Not that I really know this stuff, but one thing to be sure is probably checking `ldd /usr/lib/python2.7/dist-packages/numpy/core/_dotblas.so`. That is probably silly (I really never cared to learn this stuff), but I think it can't go wrong....

About the other difference. Aside from CPU, etc. differences, I expect you got a newer numpy version then the other user. Not sure which part got much faster, but there were for example quite a few speedups in the code converting to array, so I expect it is very likely that this is the reason.

- Sebastian

###

fast one ###

In [1]: import time, numpy

In [2]: n=1000

In [3]: A = numpy.random.rand(n,n)

In [4]: B = numpy.random.rand(n,n)

In [5]: then = time.time(); C=numpy.dot(A,B); print time.time()-then 0.306427001953

In [6]: numpy.show_config() blas_info: libraries = ['blas'] library_dirs = ['/usr/lib'] language = f77 lapack_info: libraries = ['lapack'] library_dirs = ['/usr/lib'] language = f77 atlas_threads_info: NOT AVAILABLE blas_opt_info: libraries = ['blas'] library_dirs = ['/usr/lib'] language = f77 define_macros = [('NO_ATLAS_INFO', 1)] atlas_blas_threads_info: NOT AVAILABLE openblas_info: NOT AVAILABLE lapack_opt_info: libraries = ['lapack', 'blas'] library_dirs = ['/usr/lib'] language = f77 define_macros = [('NO_ATLAS_INFO', 1)] atlas_info: NOT AVAILABLE lapack_mkl_info: NOT AVAILABLE blas_mkl_info: NOT AVAILABLE atlas_blas_info: NOT AVAILABLE mkl_info: NOT AVAILABLE

###

slow one ###

In [1]: import time, numpy

In [2]: n=1000

In [3]: A = numpy.random.rand(n,n)

In [4]: B = numpy.random.rand(n,n)

In [5]: then = time.time(); C=numpy.dot(A,B); print time.time()-then 7.88430500031

In [6]: numpy.show_config() blas_info: libraries = ['blas'] library_dirs = ['/usr/lib'] language = f77 lapack_info: libraries = ['lapack'] library_dirs = ['/usr/lib'] language = f77 atlas_threads_info: NOT AVAILABLE blas_opt_info: libraries = ['blas'] library_dirs = ['/usr/lib'] language = f77 define_macros = [('NO_ATLAS_INFO', 1)] atlas_blas_threads_info: NOT AVAILABLE openblas_info: NOT AVAILABLE lapack_opt_info: libraries = ['lapack', 'blas'] library_dirs = ['/usr/lib'] language = f77 define_macros = [('NO_ATLAS_INFO', 1)] atlas_info: NOT AVAILABLE lapack_mkl_info: NOT AVAILABLE blas_mkl_info: NOT AVAILABLE atlas_blas_info: NOT AVAILABLE mkl_info: NOT AVAILABLE

#####

Further, in the following comparison between Cpython and converting to numpy array for one operation, I get Cpython being faster by the same amount in both environments. But another user got numpy being faster.
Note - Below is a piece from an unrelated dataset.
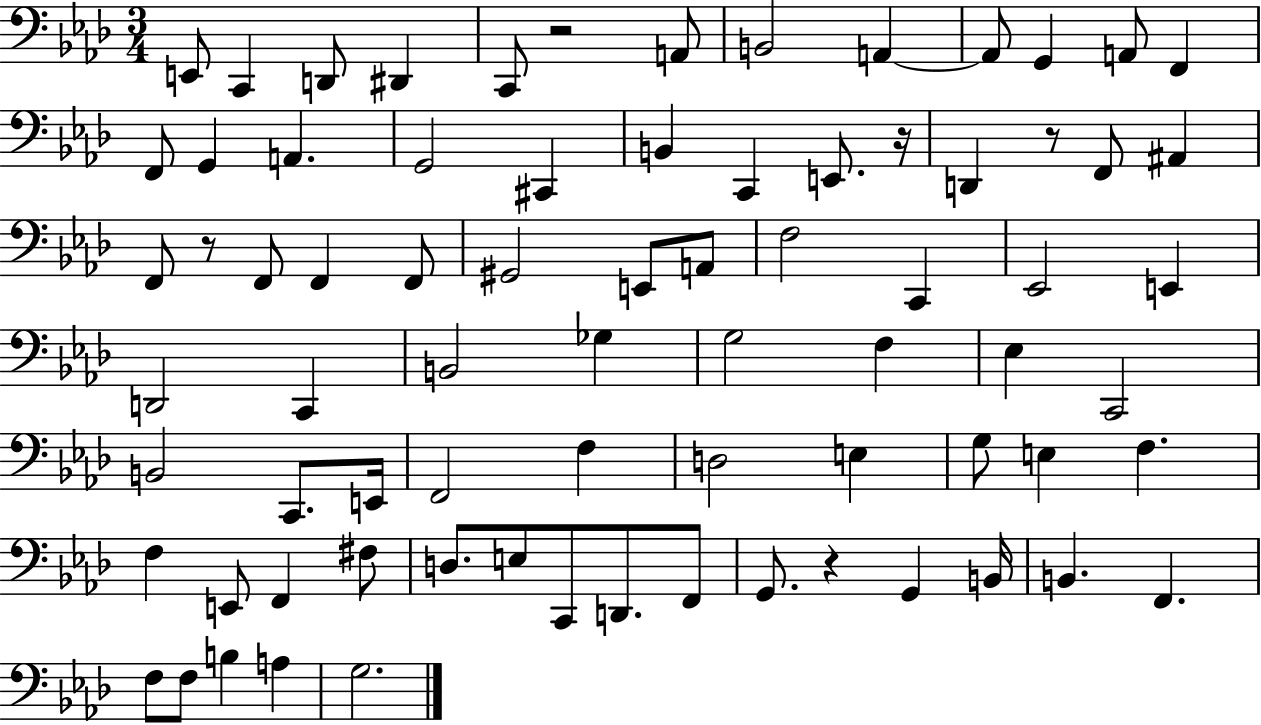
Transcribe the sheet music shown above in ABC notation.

In [1]: import numpy as np

In [2]: pts = range(100,1000)

In [3]: pts[100] = 0

In [4]: %timeit pts_arr = np.array(pts); mini = np.argmin(pts_arr) 10000 loops, best of 3: 129 µs per loop

In [5]: %timeit mini = sorted(enumerate(pts))[0][1] 10000 loops, best of 3: 89.2 µs per loop

The other user got

In [29]: %timeit pts_arr = np.array(pts); mini = np.argmin(pts_arr) 10000 loops, best of 3: 37.7 µs per loop

In [30]: %timeit mini = sorted(enumerate(pts))[0][1] 10000 loops, best of 3: 69.2 µs per loop

And I can't help but wonder if there is further configuration I need to make numpy faster, or if this is just a difference between out machines In the future, should I ignore show_config() and just do this dot product test?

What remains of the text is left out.